Раздался стук в дверь. Джордж пошёл к двери, выключив на ходу телевизор. За дверью стояла Стелла Марис.
— Рад тебя видеть, крошка. Стаскивай платье и полезай ко мне в кровать, пора закрепить ритуал моей инициации.
Стелла положила руки ему на плечи.
— Сейчас не до этого, Джордж. У нас проблемы. Роберт Патни Дрейк и Банановый Нос Малдонадо мертвы. Собирайся. Надо немедленно возвращаться к Хагбарду.

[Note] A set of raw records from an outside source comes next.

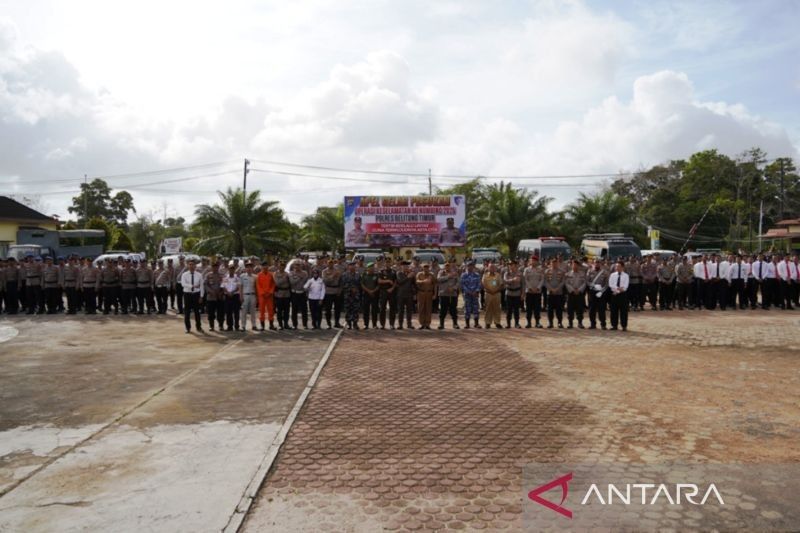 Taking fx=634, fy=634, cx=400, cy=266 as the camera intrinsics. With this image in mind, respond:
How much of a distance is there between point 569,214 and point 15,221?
37.6 m

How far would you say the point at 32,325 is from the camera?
16750 millimetres

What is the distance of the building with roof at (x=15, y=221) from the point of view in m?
43.6

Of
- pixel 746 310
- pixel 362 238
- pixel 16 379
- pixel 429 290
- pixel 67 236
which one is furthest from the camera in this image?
pixel 67 236

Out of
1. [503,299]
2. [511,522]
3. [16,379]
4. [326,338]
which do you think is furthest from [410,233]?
[511,522]

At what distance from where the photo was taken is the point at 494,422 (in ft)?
23.4

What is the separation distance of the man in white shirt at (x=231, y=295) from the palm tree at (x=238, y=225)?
65.3 feet

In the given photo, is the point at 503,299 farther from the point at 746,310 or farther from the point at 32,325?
the point at 32,325

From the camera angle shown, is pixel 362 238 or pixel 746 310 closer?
pixel 746 310

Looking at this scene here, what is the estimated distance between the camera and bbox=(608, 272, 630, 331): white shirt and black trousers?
15.0 metres

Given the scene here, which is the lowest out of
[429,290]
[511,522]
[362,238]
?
[511,522]

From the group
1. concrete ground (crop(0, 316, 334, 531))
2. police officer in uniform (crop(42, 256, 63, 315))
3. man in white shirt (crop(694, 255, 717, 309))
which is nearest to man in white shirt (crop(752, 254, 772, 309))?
man in white shirt (crop(694, 255, 717, 309))

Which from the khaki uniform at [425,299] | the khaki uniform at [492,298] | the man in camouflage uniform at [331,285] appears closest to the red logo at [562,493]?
the khaki uniform at [425,299]

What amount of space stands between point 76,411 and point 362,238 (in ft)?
70.8

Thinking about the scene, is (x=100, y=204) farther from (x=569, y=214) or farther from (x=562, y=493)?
(x=562, y=493) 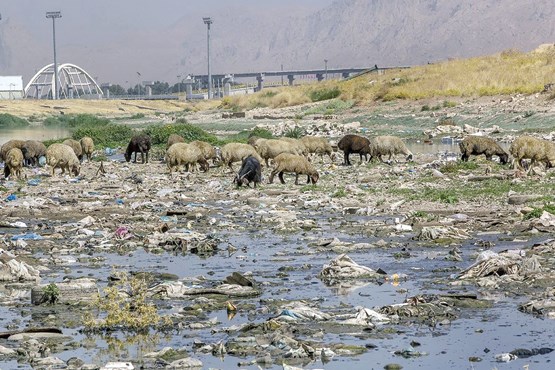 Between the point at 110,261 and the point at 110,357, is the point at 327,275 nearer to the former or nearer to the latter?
the point at 110,261

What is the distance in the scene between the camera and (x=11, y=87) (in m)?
169

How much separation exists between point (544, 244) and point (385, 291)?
3309 mm

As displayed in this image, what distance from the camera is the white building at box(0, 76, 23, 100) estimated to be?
549 feet

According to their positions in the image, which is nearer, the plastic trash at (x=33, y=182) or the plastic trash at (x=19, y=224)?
the plastic trash at (x=19, y=224)

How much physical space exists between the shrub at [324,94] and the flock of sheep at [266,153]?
34771 mm

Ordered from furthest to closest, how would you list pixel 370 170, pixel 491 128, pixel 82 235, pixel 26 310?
pixel 491 128 < pixel 370 170 < pixel 82 235 < pixel 26 310

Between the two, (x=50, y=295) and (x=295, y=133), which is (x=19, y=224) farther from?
(x=295, y=133)

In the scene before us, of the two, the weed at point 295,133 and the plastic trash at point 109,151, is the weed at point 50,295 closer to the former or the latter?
the plastic trash at point 109,151

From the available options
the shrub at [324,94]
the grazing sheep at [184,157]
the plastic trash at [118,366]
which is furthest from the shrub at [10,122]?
the plastic trash at [118,366]

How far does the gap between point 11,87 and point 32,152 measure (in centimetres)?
14159

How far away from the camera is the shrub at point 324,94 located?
67.6m

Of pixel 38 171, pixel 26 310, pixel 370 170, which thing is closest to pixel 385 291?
pixel 26 310

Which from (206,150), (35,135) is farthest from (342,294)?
(35,135)

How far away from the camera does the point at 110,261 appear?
14828 mm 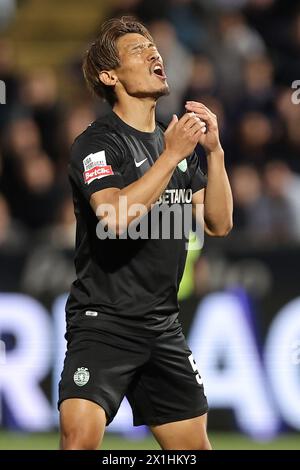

Путешествуя сначала на вертолёте, потом на роскошном самолёте и, наконец, на моторной лодке к подводной базе Хагбарда в Чесапикском заливе, вконец измученный Джордж был потрясён ужасными известиями. Но когда он снова увидел Хагбарда, к нему вернулись силы.
— Ах ты ублюдок! Послал меня на верную смерть!
— В результате чего ты настолько осмелел, что смеешь мне грубить, — ответил Хагбард со снисходительной усмешкой. — Странная штука страх, верно, Джордж? Если бы мы не боялись умереть от болезней, то не появилась бы такая наука, как микробиология. Эта наука, в свою очередь, даёт возможность развязать бактериологическую войну.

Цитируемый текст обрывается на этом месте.